After graduating from Cambridge, Maurizio Raffone cut his teeth in institutions that included Credit Suisse, Deutsche Bank, and UniCredit before moving to Tokyo on behalf of Commerzbank. Now he is his own boss as the head of Finetiq, an advisory firm that is part of the Japanese startup scene. New Europe sought out Raffone in Japan to ask him about the political implications of deploying AI in international finance.
Financial Technology, or FinTech as it is commonly known, refers to a financial service sector with technology at its core. Much like cell power is at the heart of the emerging car industry, AI and blockchain technologies power FinTech development.
AI is about enhancing productivity and customer experience by automating the processes and making sense of the vast amount of available data. It is also about power.
Raffone’s Finetiqhelps firms in Japan and Hong Kong situate themselves in this transforming financial ecosystem by harnessing their power. Tokyo is an interesting place to be, given that the government wants the city to be an innovation centre. Tokyo is a cosmopolis, with strong local firms, strong international presence, technical know-how, and educated investors.
New Europe (NE): AI appears to be an accelerator of the decision-making time to maximise profit. How do you preserve financial accountability in such a lightspeed framework?
Maurizio Raffone (MR): This is actually a crucial requirement of financial services, like Europe’s MiFID2 regulations. I don’t see speed, in itself, as an issue, but rather the potential black-box nature of some of the analytics behind AI’s decision-making processes. Regulators are aware of this potential risk and are making provisions to ensure ultimate accountability is retained by the regulated financial firms in all circumstances.
One of the Korean companies we work with – Knowru – is engaging finance machine learning specialists, embedding tools in their software that is specifically designed to provide a strong and clear audit trail that can be traced back to a source. This is a nice feature as if a consumer is denied a credit card, they can be told why. This feature achieves more than that. It allows us to understand the value drivers of AI decision-making and is able to calibrate their models and parameters continuously. They are building “the character” of their company.
This is why the narrative is changing to some extent and these days there is much more talk of developing AI tools for decision-enhancing purposes rather than decision-making, which incidentally reinstates the significance of humans in the process.
NE: AI has been recently implicated in political campaigning, as in the Cambridge Analytica – the Facebook scandal in the UK and the US. Can you imagine a situation where artificial intelligence can be weaponised in the financial markets to induce something along the lines of a sovereign debt crisis?
MR: Algorithmic trading is a form of AI that has been blamed in the past for financial misdoings, such as the Flash Crash of 2010. And, yes, some AI technology can be malicious and be used to engineer a sovereign debt crisis or any sort of distressed market situation.
However, financial gains from smarter-than-the-next AI are in my opinion totally legitimate, both legally and morally. There are strong regulations that aim to prevent market manipulation, which was essentially the issue behind the Flash Crash, but often the tools available to financial watchdogs are not as sophisticated as those used by malicious perpetrators.
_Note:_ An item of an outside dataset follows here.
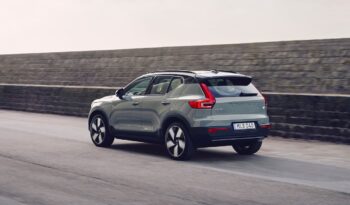 Volvo XC40 RECHARGE PLUG-IN AUTO ESSENTIAL pieno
Where I see potentially more issues is in the unregulated markets or grey zones. Technology companies moving into financial services and the decentralisation of finance make it very hard for regulators to ensure preventive actions. For example, the peer-to-peer lending market is one that in many countries flies under the radar of regulators. In practice if not officially. AI is often used to perform underwriting decisions. Malicious use of technology could hurt a country’s economy, particularly in some of the emerging markets.
Lastly, I see AI potentially being weaponised to launch mass-scale fraud. Bernie Madoff’s scandal was a very low tech affair. Just think what he could have done if he used AI to manipulate the books and move cash faster to keep his Ponzi scheme alive.
Nevertheless, I do not want to give the impression that we are sitting on the software-equivalent of a nuclear weapons arsenal. AI can be used just as much in alerting, preventing, and reacting to malicious intent. The recent focus in SupTech, technology applied to the supervisory role of financial regulators, is a testament to the efforts being made to ensure AI and other emerging technologies are kept in check.
NE: AI is now deployed by multinational firms in a global financial system. If we find it difficult to tax multinationals, can we really tame their robotic capability? Is AI an accelerator of inequality between workers, firms, and ultimately nations?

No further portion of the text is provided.